LAYNE et al. v. GETTY.
(Circuit Court of Appeals, Fifth Circuit.
April 20, 1915.)
No. 2760.
Patents ©==>298 — Suit iron Infringement — Pret.imxnaky Injunction.
Whore ox parte affidavits filed by complainant in an infringement suit in support of a motion for a preliminary injunction leave the question of infringement in doubt, although the patent has been adjudged valid, it is within the discretion of the court to deny the injunction.
[Ed. Note. — For other cases, see Patents, Cent. Dig. § 478; Dec. Dig. <©=^298.
Grounds for denial of preliminary injunctions in patent infringement suits, see note to Johnson v. Foos Mfg. Co., 72 O. O. A. 123.]
Appeal from the District Court of the United States for the Western District of Louisiana; Aleck Boarman, Judge.

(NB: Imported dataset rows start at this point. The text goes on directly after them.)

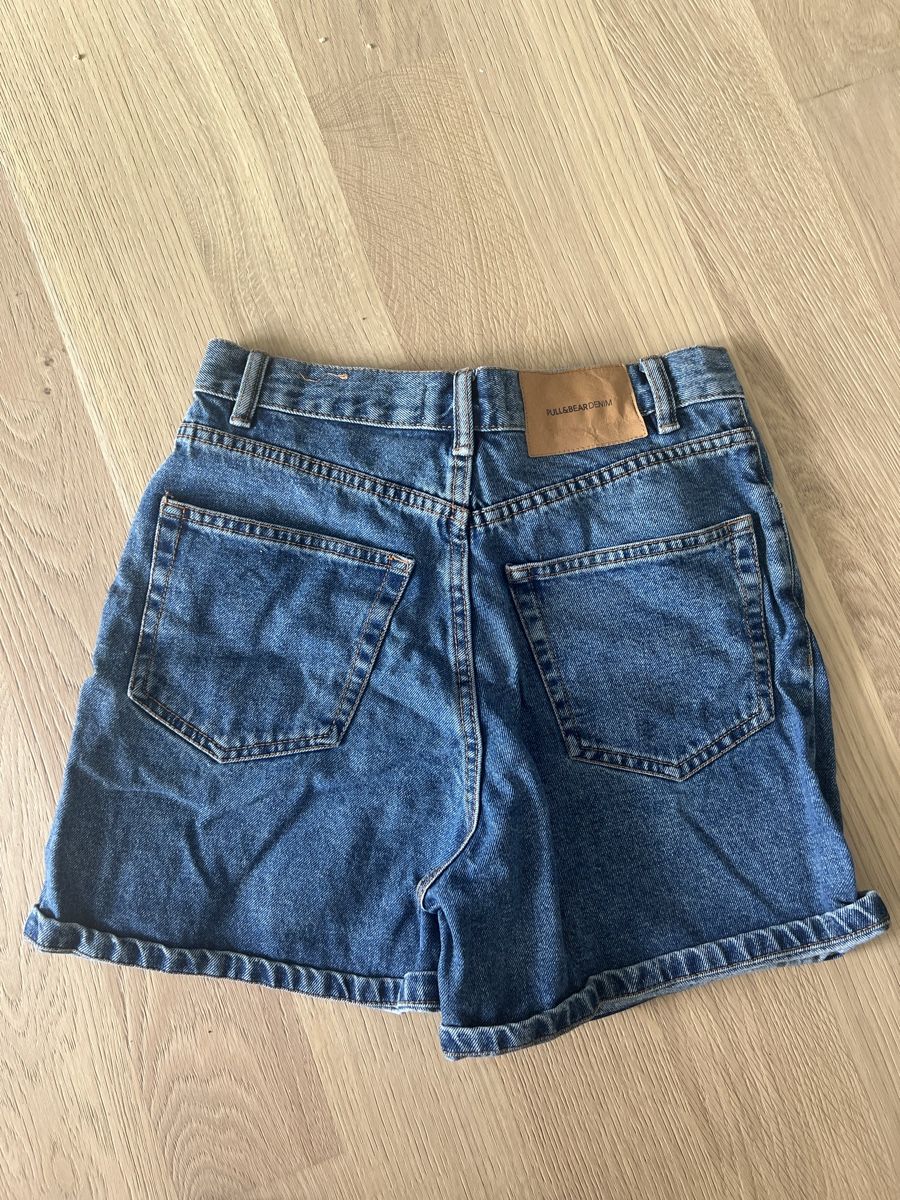 Pull&Bear Jeans: Hotpants Shorts, Pull & Bear Gr. 36 – Usato da Stein am Rhein venduto da Selomelo. 1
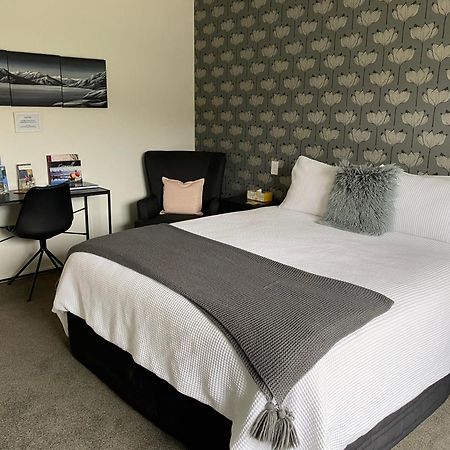 Lakeview Terrace Accommodation Cromwell Bagian luar foto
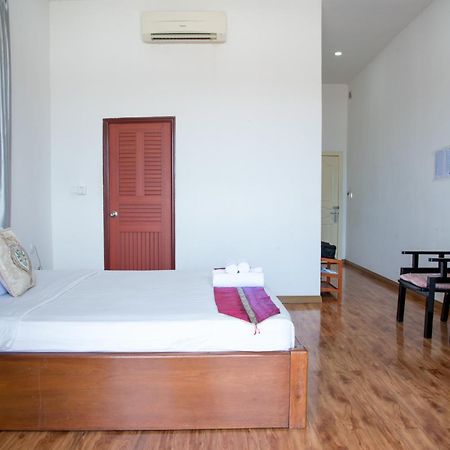 New Season Riverside Hotel Phnom Penh Bagian luar foto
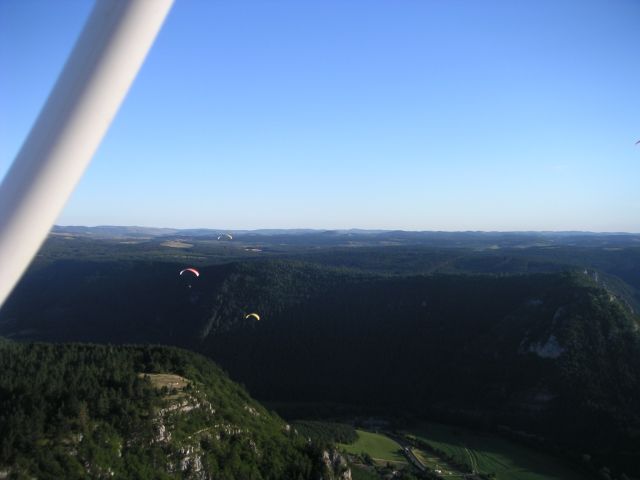 images 022.jpg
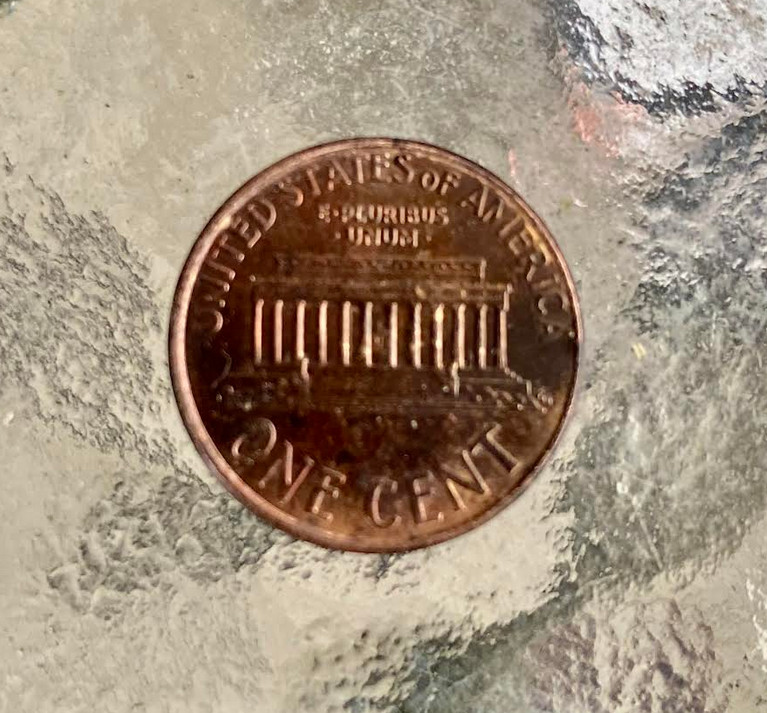 ONE CENT LINCOLN PENNY 2006 RARE NO MINT MARK CLOSE "AM" ERROR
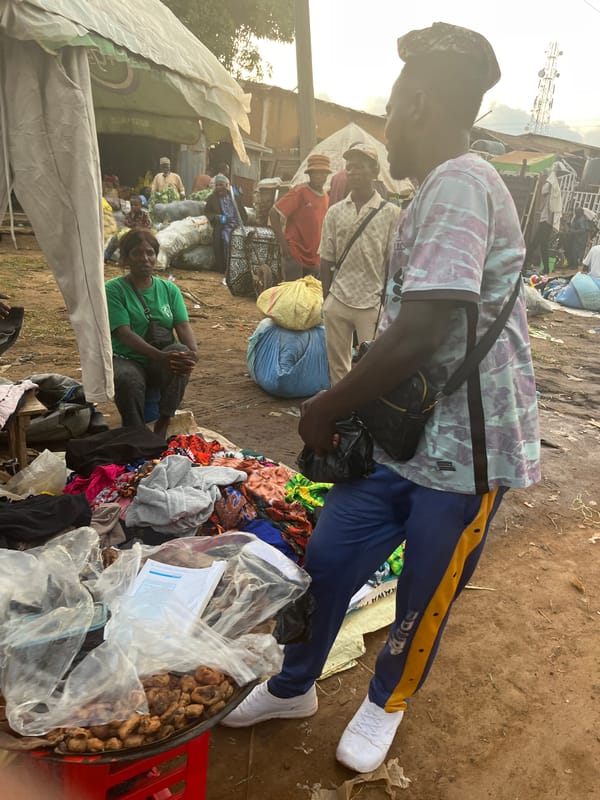 Daily Market Life Unfolds in Gura Top, Nigeria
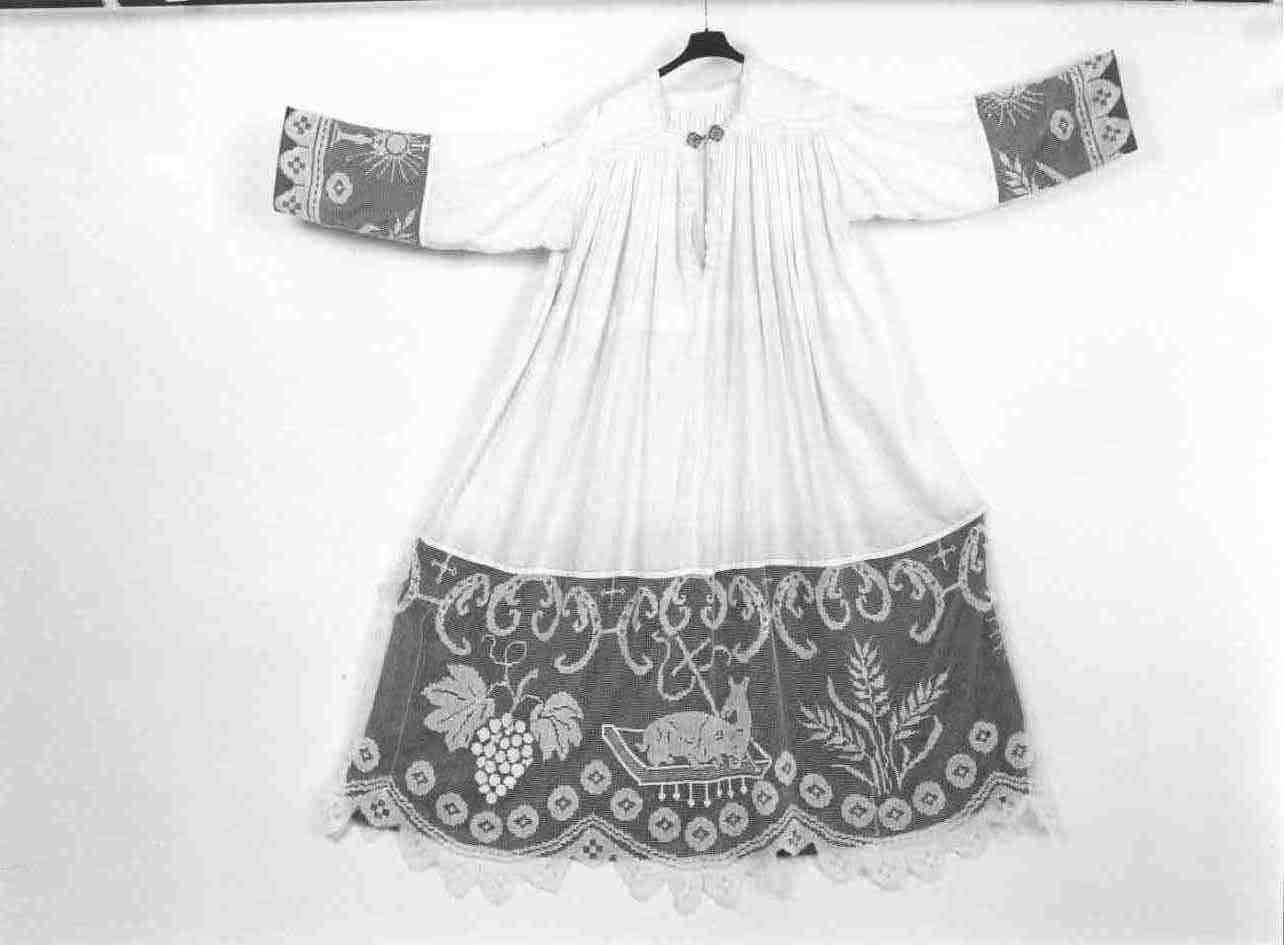 camice, opera isolata - manifattura mantovana (primo quarto sec. XX)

Suit in equity by Mahlon E. Layne and others against Ered I. Getty. From an order refusing a preliminary injunction, complainants appeal.
Affirmed.
Coke K. Burns, of Houston, Tex., J. D. Wilkinson, of Shreveport, La., and Paul Synnestvedt, of Philadelphia, Pa., for appellants.
Edgar H. Farrar, of New Orleans, La., and Francis M. Phelps, of Washington, D. C., for appellee.
Before PARDEE and WALKER, Circuit Judges, and MAXEY, District Judge.
[MAJORITY — PER CURIAM.]
PER CURIAM.
Bill was filed by the appellants, in the court below, charging infringement of letters patent No. 821,653, and praying an injunction and for profits and damages. A hearing was had upon the motion for a preliminary injunction, based upon ex parte affidavits, and the injunction was refused. To review this order the appellants have brought the case to this court.
Claim 20, sustained as valid by this court in Van Ness v. Layne, 213 Fed. 804, 130 C. C. A. 462, is the only claim of the patent involved in the present controversy. As before stated, the hearing before the District Judge was had upon mere ex parte affidavits. Appellee denied that his improvement infringed claim 20 of appellants’ patent, and it is apparent from an examination of the contradictory affidavits that the question of infringement vel non is left in considerable doubt. Without expressing, an opinion upon the merits of the question submitted, we think that the discretion exercised by the trial judge in refusing the preliminary injunction should-not be revised by this court. When the cause comes up for final hearing upon full proofs, the court will be in a position to intelligently determine whether an injunction should issue. See Texas Traction Co. v. Barron G. Collier, Incorporated, 195 Fed. 65, 115 C. C. A. 82; Stearns-Roger Mfg. Co. v. Brown, 114 Fed. 939, 52 C. C. A. 559; Crescent Specialty Co. v. National Fireworks Distributing Co., 219 Fed. 130, 135 C. C. A. 28; Whippany Mfg. Co. v. United Indurated Fibre Co., 87 Fed. 215, 30 C. C. A. 615.
The order of the lower court is affirmed.